The nature of EPR—including the limited potential for benefit and significant potential for harm—raises significant implications for the consent process. Parents of child participants must understand and fully comprehend the uncertainty of EPR involvement. However, as noted by de Vries and colleagues, the strong culture of research among paediatric clinicians raises ethical concerns as the boundaries between clinical research and clinical care become more blurred [6]. This is particularly the case for parents who are tasked with making decisions about the care of their dying child in a very emotionally charged environment [16, 17]. Decision-making under these circumstances is fraught with difficulty for three main reasons: (a) there may be a lack of a clear, knowable distinction between the roles of researcher and treating clinician; (b) parents may be unaware or fail to understand that the primary nature of research and the primary nature of clinical care are different, and (c) parents may simply be unable to accept that the demise of their child is inevitable. These key issues may cause parents to overestimate the likelihood of benefit for their child, underestimate the likelihood of harm, and falsely attribute therapeutic values and expectations, a phenomenon known as a ‘therapeutic misconception’ [17-19]. This discrepancy in understanding or awareness of the true nature and prospects of EPR enables the construction of an altered reality of clinical research participation from that which the parent is actually consenting. Indeed, some parents enrol their child in early phase research under the mistaken belief it is another form of conventional treatment [20-22] .
A doctoral research project is currently being undertaken by the Center for Health and Society, and the Melbourne Medical School (University of Melbourne) which considers the ethical implications for the consent process when parents who hold therapeutic misconceptions agree for their child to take part in EPR. The study will also consider whether the existence of therapeutic misconceptions invalidates consent under current Australian laws.

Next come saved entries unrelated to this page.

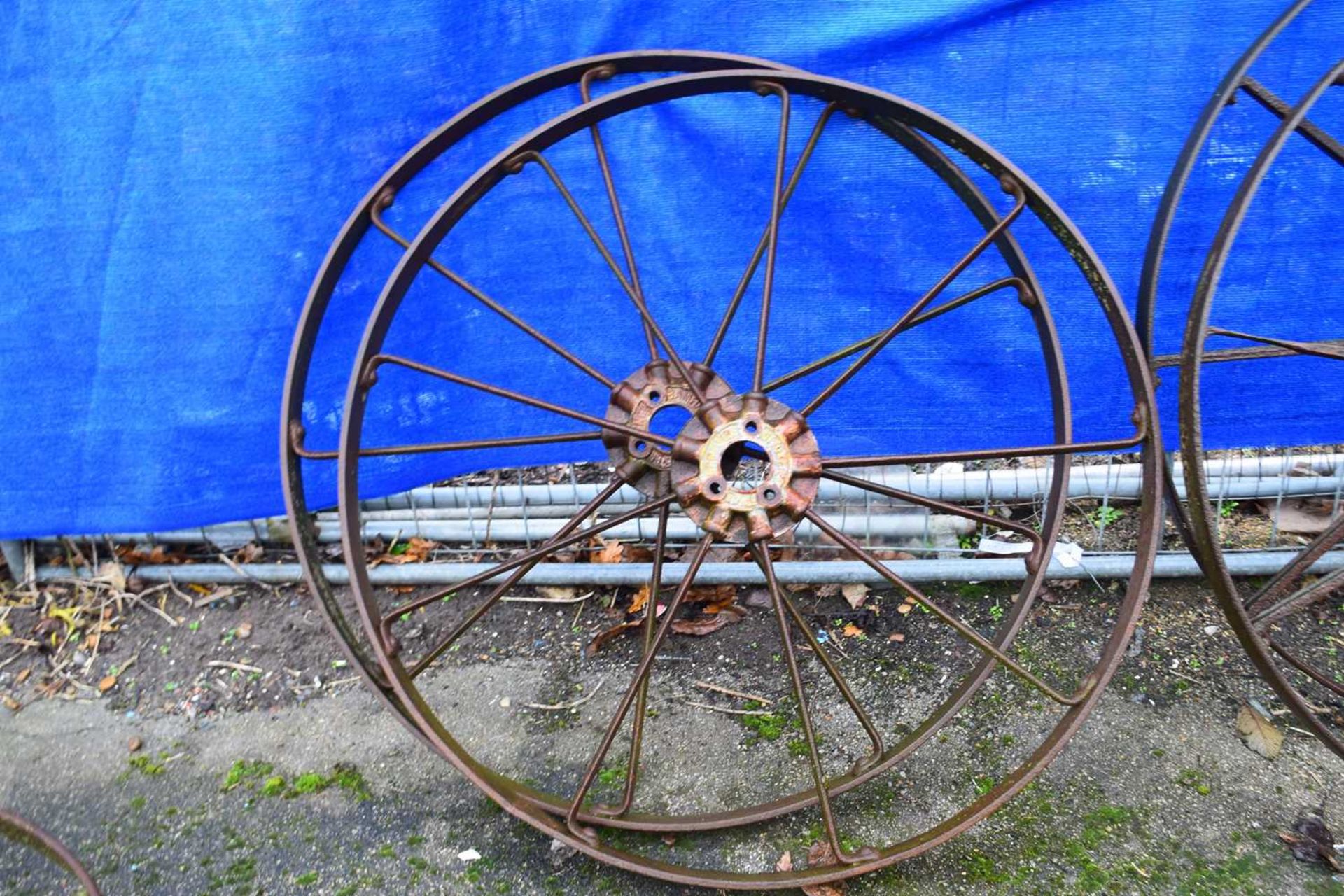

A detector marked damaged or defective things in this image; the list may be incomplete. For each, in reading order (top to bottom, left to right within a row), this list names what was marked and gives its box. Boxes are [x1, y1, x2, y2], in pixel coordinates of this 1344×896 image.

rusty iron wheel [281, 49, 795, 752]
rusty hub [607, 360, 731, 497]
rusty iron wheel [307, 63, 1166, 892]
rusty hub [669, 392, 817, 540]
rusty iron wheel [1134, 4, 1344, 763]
rusty iron wheel [0, 811, 101, 892] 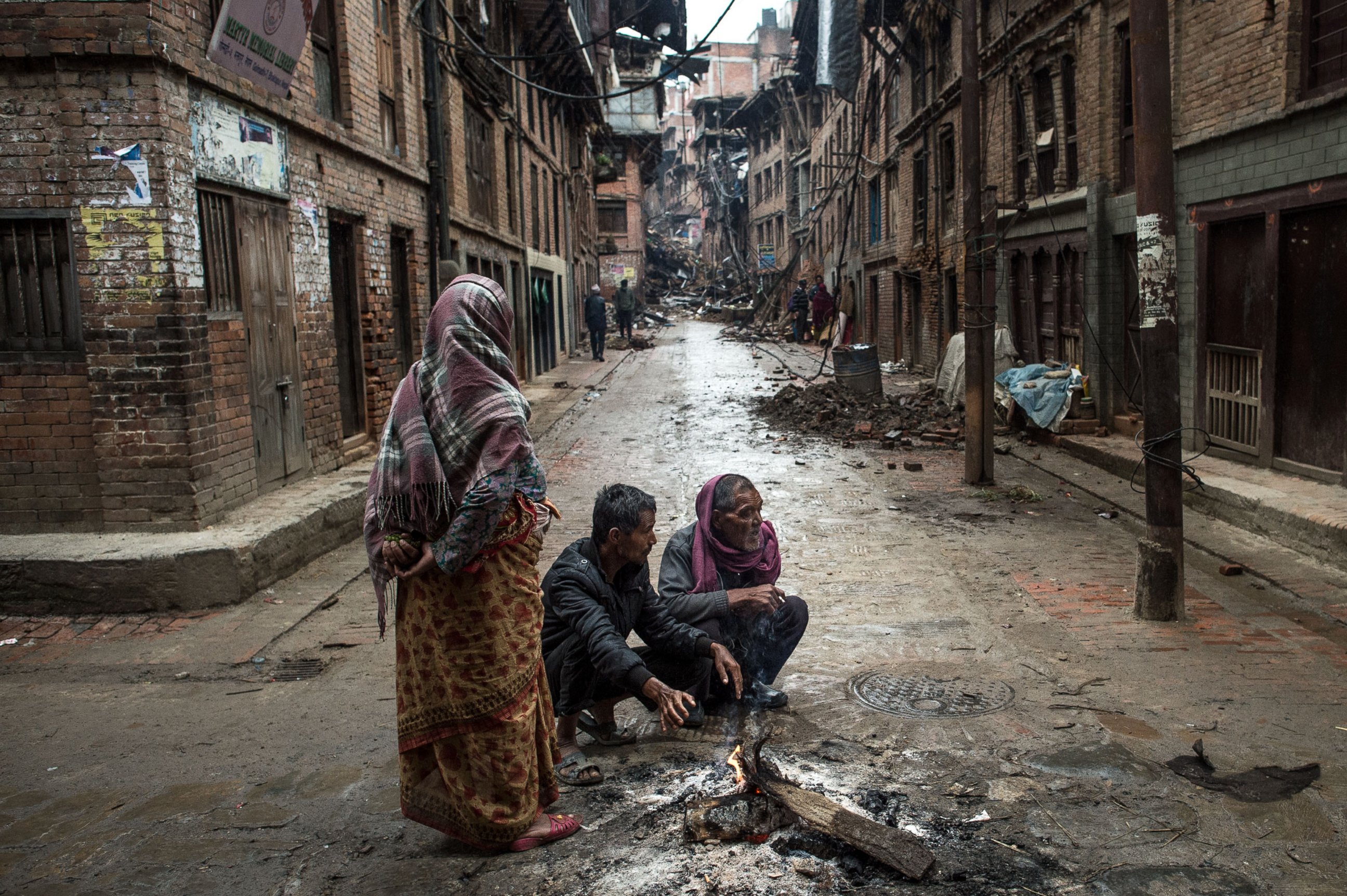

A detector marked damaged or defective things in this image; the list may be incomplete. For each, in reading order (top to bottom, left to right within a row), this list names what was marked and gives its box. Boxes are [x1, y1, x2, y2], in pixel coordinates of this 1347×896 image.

torn poster on wall [206, 0, 313, 96]
torn poster on wall [89, 144, 151, 204]
torn poster on wall [188, 87, 288, 195] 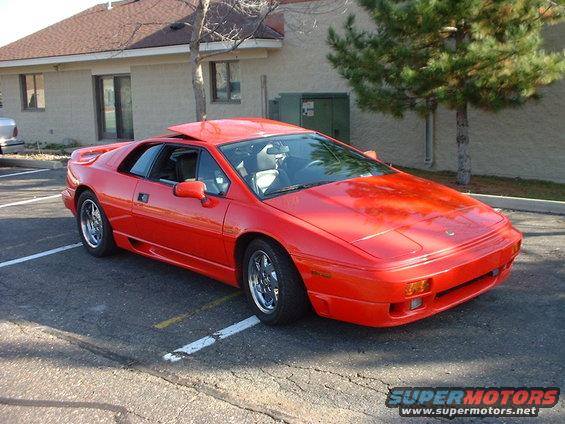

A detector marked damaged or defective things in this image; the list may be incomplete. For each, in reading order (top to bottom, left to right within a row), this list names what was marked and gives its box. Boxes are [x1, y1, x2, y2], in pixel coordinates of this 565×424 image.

cracked pavement [0, 167, 560, 422] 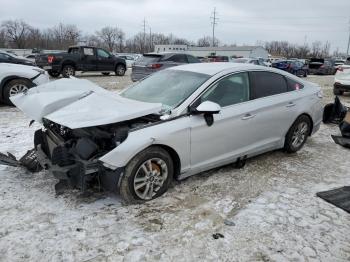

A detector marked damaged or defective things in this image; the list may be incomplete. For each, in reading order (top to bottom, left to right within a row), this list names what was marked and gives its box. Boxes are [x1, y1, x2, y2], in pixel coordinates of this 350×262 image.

crushed hood [10, 77, 163, 128]
damaged white sedan [10, 63, 322, 203] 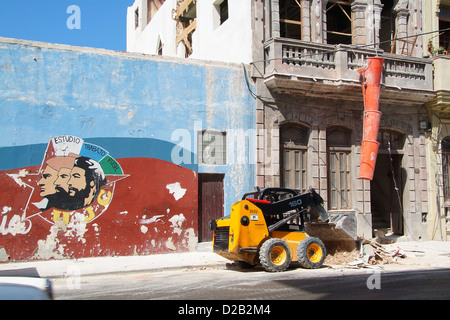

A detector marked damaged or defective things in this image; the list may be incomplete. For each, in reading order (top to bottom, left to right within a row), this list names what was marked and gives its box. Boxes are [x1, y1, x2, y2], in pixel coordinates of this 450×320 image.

rusty orange drainpipe [356, 57, 384, 180] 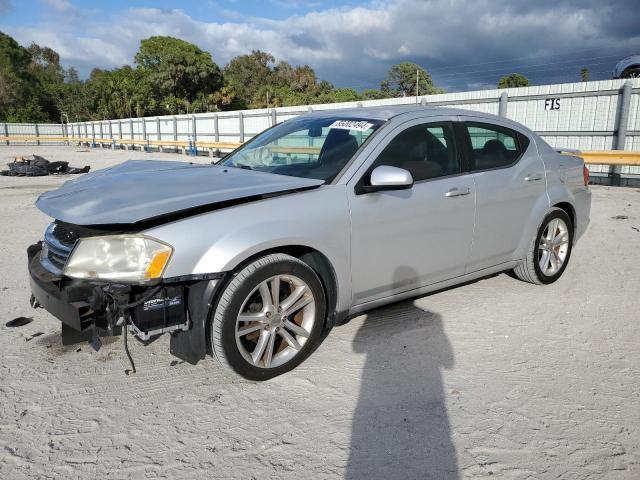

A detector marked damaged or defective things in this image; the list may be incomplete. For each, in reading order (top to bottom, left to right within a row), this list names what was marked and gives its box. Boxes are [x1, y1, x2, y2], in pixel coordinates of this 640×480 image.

detached hood [37, 158, 322, 224]
cracked headlight [64, 235, 174, 284]
damaged bumper [28, 244, 222, 364] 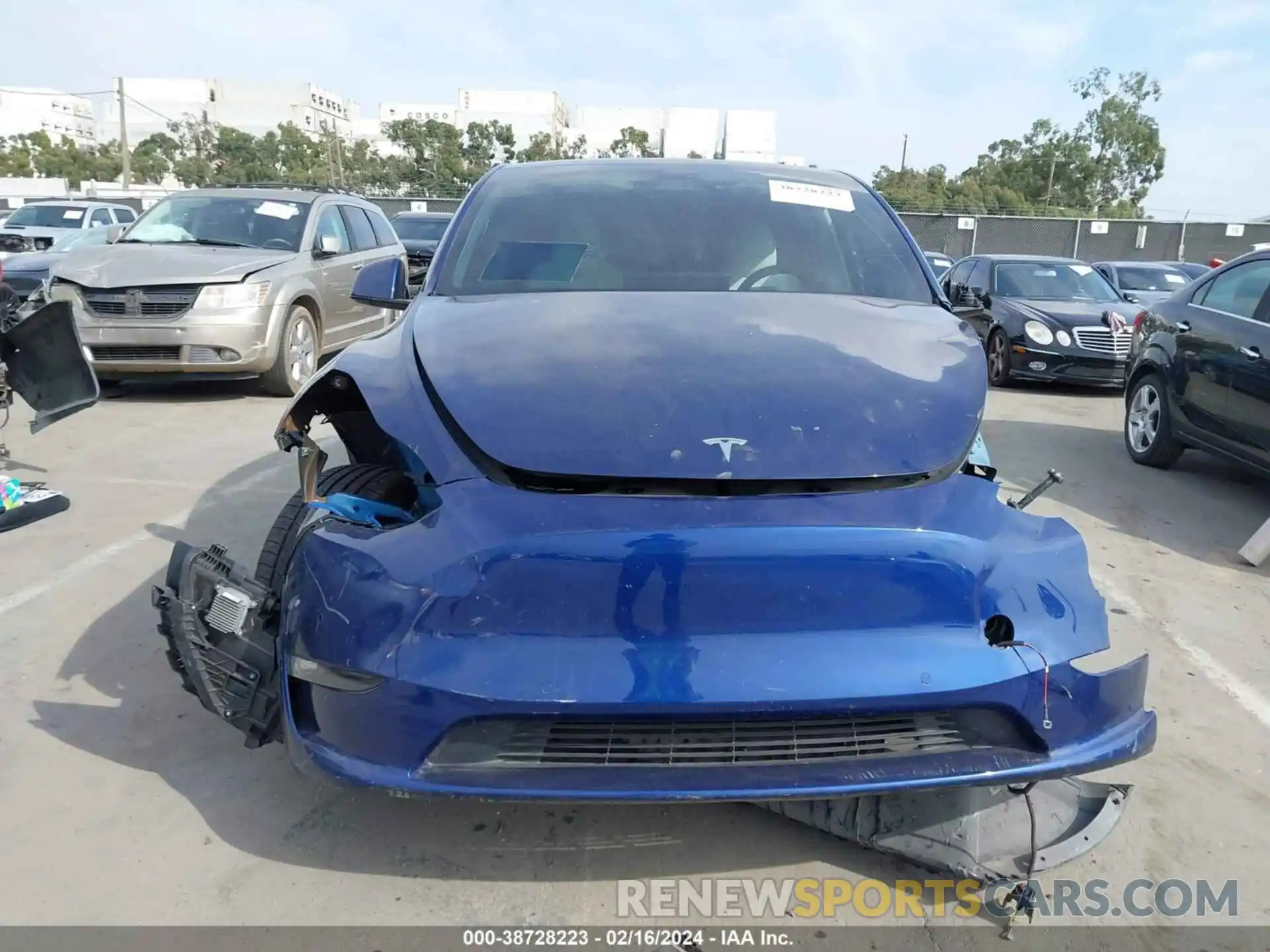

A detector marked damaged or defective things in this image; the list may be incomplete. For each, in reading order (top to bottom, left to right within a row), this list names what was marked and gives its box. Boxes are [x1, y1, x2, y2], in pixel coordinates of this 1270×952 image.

crumpled hood [51, 242, 292, 286]
exposed front tire [260, 303, 319, 396]
crumpled hood [411, 290, 985, 485]
exposed front tire [985, 327, 1016, 388]
crumpled hood [1000, 299, 1143, 330]
exposed front tire [1127, 376, 1183, 467]
exposed front tire [253, 464, 416, 594]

Primarily the justification for the study is a concern that any therapeutic misconceptions about research participation, as perceived by the parents of child participants, may impact on their ability to deliberate and make a meaningful, valid decisions about their child’s involvement in EPR [23, 24]. This is particularly the case for parents deliberating about enrolling children with refractory disease in experimental clinical studies that may involve limited potential for benefit but great potential for uncertain risks and harms.